Hi, I am given a systemverilog design. My task is to optimize (reduce) the size of the design in terms of FPGA synthesis, and I need to increase the speed of Design. The target FPGA is Xilinx Artix and IDE is Vivado. I want to know: 1) What may be the programming approaches i.e. what things I can make right in order to achieve higher speeds and smaller sizes (Just general guidelines). 2) What options in Vivado are available to achieve the same. All answers, links, and guides are warmly welcome. Looking forward to hearing from the experienced guys. Best regards Cheeku
Muhammad Tahir R. wrote: > My task is to optimize (reduce) the size of the design in terms of FPGA > synthesis, and I need to increase the speed How much? Just a few percent smaller and 10MHz faster? Or double the speed and cut the resources to the half? > what things I can make right in order to achieve higher speeds and > smaller sizes Depends somehow on what things are wrong at the moment. First is: who wrote the code? Was is a experienced hardware specialist? Or was it a software programmer urged to do some FPGA "programming". If the first: forget it, the design is already perfect. When the second: you have a reasonable chance to get significant improvement to size as well as to speed. For speeding up a design you have to do a STA (aka static timing analysis) to find the critical paths.If there are only a few, then you have to check whether you can split them up by adding flipflops to that paths. To reduce resources you must have a very good knowledge how much the design actually needs. When you can't figure that out, then you can't do ressource optimization. Because you're not able to see, when a design fits absolutely perfect.
General approaches: -identify the bottle necks (aka critical pathes) of your design by using STA -compare estimated chip level (stages of LUT/Slices between FF) with real (Log file map) -Know how to replace the different types of ressources by each other, i.e if you run out of FF know how to use distributed RAM instead -Know why the usage of one features blocks the usage of another (i.e. https://www.xilinx.com/support/documentation/white_papers/wp275.pdf) -use dedicated Hardware macros instead of LUT-based logic (i.e. SRL32, FIFO,MUX7) (https://www.xilinx.com/support/documentation/application_notes/xapp466.pdf)
Muhammad Tahir R. wrote: > I am given a systemverilog design. My task is to optimize (reduce) the > size of the design in terms of FPGA synthesis, and I need to increase > the speed of Design. As others stated previously, it really depends on the skills of your predecessor. If he was an expert: there's probably not that much you can do. If the basic design is already reasonable, he was likely also smart enough to enable/implement commonly known optimization. If he wasn't, it's pretty likely it's already the basic design/architecture that's faulty. It might not even worth to look into the implementation but rather start from scratch from the initial specs (provided they are available). If the design appears to be reasonable, area can be traded for performance (pipelining, wider buses, ...) and vice versa, but you generally cannot have both.
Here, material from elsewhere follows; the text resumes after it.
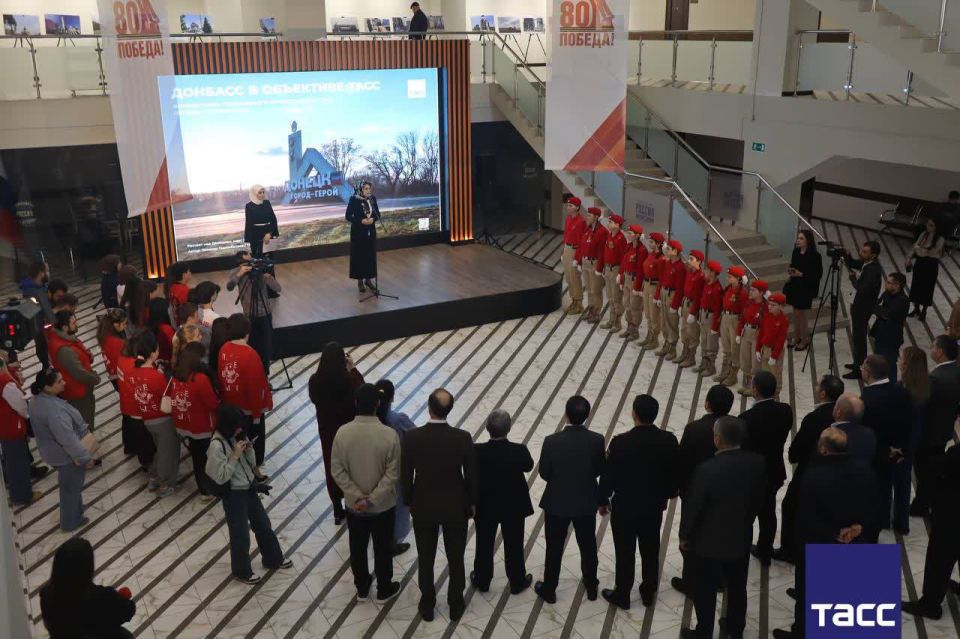 Фотографии из зоны СВО спецкора ТАСС Гянжеви Гаджибалаева представили на выставке "Донбасс в объективе ТАСС" в историческом парке "Россия - моя история" в Махачкале, сообщает корреспондент ТАСС Фотографии из зоны СВО спецкора ТАСС Гянжеви Гаджибалаева представили на выставке "Донбасс в объективе ТАСС" в историческом парке "Россия - моя история" в Махачкале, сообщает корреспондент ТАСС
Nothing comes from nothing... In the unlikely event that your predecessor was an expert, but didn't really put any emphasis on efficient implementation, I would start by looking at the timing analysis (estimate how much margin you have) and just try to increase clock frequency. This should show you where the bottlenecks are.
Muhammad Tahir R. wrote: > My task is to optimize (reduce) the > size of the design in terms of FPGA synthesis, and I need to increase > the speed of Design. This are contrary targets - you probably cannot achieve both!
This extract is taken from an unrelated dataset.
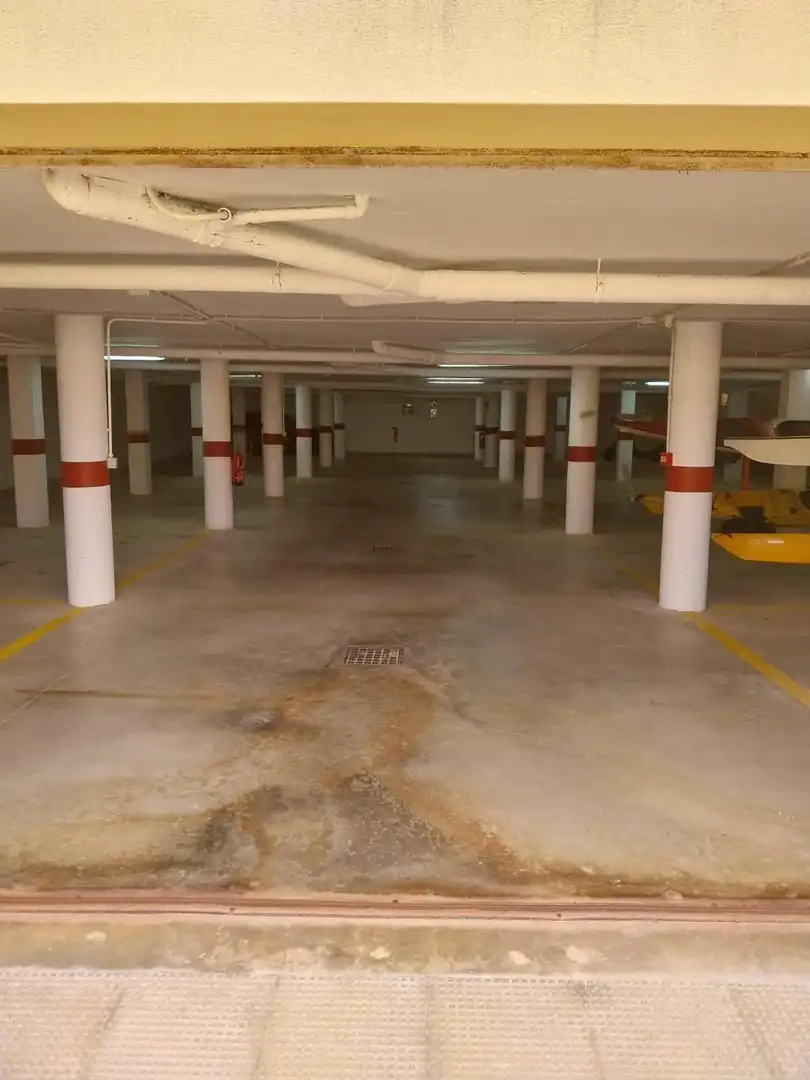 Parkplatz von Garage zum Verkauf in Cartagena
Mampf wrote: (reduce) >> size of the design in terms of FPGA synthesis, and I need to increase >> the speed of Design. > > This are contrary targets - you probably cannot achieve both! Consider this scenario: -FPGA-architecture with 4-Input LUT's -a FSM with 2**4 + 1 states -binary encoding Eliminate one state and the FSM is about 50% smallerand 50+% faster, because of reducing chiplevel from 2 to 1.